WHAT TO WORK ON: Some entries follow. Reproduce exactly the lines starting at the one with "Deutsch: Beachhandball Europameisterschaften" and stopping after the one with "Fancy Pink Radiant".
----
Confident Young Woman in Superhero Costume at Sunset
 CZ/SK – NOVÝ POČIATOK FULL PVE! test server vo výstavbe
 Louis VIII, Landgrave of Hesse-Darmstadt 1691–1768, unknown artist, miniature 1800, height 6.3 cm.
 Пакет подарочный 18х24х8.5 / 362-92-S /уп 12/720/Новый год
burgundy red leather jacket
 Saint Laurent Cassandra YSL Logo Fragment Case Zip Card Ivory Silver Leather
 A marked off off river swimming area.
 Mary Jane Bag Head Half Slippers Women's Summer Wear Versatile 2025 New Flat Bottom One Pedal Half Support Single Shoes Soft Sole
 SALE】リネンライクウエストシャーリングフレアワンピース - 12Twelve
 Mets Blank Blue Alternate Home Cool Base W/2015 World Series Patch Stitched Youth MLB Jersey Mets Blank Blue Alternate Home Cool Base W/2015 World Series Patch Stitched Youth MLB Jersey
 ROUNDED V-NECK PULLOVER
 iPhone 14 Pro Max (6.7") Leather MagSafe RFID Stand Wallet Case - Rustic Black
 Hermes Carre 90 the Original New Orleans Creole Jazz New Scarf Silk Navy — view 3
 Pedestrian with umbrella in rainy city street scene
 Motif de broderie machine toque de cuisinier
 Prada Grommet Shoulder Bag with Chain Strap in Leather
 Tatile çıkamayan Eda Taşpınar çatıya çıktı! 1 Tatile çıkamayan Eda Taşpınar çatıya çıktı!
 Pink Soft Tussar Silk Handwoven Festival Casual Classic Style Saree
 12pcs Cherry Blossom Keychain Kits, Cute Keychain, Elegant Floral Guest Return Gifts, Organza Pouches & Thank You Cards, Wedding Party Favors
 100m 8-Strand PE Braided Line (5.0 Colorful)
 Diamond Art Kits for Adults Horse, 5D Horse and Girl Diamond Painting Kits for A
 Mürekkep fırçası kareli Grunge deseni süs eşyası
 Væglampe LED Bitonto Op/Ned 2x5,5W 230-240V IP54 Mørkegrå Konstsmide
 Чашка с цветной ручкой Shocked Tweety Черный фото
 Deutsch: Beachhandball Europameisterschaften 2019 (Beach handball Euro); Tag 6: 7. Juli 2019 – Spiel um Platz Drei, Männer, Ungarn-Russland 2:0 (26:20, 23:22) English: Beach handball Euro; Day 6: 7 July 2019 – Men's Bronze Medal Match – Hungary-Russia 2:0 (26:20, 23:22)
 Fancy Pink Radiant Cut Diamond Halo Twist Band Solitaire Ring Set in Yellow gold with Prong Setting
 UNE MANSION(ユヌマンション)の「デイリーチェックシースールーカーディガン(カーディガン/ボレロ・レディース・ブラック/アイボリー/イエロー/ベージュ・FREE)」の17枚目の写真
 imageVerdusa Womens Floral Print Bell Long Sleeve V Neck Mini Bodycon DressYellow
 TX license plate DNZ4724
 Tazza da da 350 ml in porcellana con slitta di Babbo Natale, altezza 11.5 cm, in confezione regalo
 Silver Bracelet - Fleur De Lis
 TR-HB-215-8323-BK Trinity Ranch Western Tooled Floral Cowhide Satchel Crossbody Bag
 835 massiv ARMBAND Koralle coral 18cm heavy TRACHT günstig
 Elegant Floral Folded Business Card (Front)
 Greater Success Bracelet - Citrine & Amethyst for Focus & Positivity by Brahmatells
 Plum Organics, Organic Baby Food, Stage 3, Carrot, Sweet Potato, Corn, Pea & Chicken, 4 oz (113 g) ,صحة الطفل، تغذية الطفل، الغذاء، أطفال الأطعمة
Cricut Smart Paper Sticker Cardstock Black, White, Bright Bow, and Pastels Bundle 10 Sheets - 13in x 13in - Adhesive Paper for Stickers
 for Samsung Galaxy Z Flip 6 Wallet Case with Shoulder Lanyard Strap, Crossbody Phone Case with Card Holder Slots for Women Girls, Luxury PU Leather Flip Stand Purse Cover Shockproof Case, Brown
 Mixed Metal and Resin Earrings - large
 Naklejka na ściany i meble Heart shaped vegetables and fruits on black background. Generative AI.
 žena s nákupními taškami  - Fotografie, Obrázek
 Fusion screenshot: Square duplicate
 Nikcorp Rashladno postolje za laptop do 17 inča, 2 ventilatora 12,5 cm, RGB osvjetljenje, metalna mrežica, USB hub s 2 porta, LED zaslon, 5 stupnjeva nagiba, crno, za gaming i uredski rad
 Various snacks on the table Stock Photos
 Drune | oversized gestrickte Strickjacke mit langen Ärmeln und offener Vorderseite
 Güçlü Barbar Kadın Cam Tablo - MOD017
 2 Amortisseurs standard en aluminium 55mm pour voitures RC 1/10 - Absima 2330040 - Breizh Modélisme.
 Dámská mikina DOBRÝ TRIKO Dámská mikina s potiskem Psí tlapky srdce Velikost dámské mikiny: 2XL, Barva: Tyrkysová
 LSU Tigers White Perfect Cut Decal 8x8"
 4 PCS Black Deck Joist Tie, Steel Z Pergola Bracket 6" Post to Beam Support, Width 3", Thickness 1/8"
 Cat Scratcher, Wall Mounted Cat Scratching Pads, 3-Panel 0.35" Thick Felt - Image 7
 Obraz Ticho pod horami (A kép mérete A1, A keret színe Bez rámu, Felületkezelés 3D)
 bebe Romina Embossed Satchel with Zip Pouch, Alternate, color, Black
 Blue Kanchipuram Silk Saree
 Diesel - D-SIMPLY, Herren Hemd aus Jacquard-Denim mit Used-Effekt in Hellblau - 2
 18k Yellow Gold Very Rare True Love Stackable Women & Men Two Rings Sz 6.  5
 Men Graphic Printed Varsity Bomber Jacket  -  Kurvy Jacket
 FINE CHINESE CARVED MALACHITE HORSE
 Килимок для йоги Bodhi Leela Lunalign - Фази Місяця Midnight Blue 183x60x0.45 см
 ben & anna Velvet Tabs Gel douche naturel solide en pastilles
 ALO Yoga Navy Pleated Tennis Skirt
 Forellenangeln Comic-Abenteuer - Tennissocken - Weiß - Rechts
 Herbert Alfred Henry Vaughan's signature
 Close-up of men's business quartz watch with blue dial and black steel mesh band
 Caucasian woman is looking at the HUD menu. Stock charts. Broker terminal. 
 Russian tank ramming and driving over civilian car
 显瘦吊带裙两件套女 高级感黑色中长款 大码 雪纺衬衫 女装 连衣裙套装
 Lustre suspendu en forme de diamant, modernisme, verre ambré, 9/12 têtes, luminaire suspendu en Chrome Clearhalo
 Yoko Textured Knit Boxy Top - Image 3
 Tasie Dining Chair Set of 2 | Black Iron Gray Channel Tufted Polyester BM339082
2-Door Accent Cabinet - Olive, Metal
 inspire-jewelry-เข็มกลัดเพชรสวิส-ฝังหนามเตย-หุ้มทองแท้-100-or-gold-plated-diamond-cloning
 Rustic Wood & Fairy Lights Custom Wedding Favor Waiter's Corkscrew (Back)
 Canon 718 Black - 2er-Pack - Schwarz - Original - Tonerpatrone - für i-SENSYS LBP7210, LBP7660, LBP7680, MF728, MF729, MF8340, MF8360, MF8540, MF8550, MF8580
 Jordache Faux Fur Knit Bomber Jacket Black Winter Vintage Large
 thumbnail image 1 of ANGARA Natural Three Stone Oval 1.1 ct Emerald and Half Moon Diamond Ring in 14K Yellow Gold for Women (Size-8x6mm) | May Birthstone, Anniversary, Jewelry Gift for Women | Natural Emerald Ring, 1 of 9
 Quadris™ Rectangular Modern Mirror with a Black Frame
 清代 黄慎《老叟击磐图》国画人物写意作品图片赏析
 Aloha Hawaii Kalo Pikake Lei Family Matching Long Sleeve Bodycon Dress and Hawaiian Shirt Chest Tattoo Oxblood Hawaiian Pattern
----
OUTPUT OF THE TASK:
 Deutsch: Beachhandball Europameisterschaften 2019 (Beach handball Euro); Tag 6: 7. Juli 2019 – Spiel um Platz Drei, Männer, Ungarn-Russland 2:0 (26:20, 23:22) English: Beach handball Euro; Day 6: 7 July 2019 – Men's Bronze Medal Match – Hungary-Russia 2:0 (26:20, 23:22)
 Fancy Pink Radiant Cut Diamond Halo Twist Band Solitaire Ring Set in Yellow gold with Prong Setting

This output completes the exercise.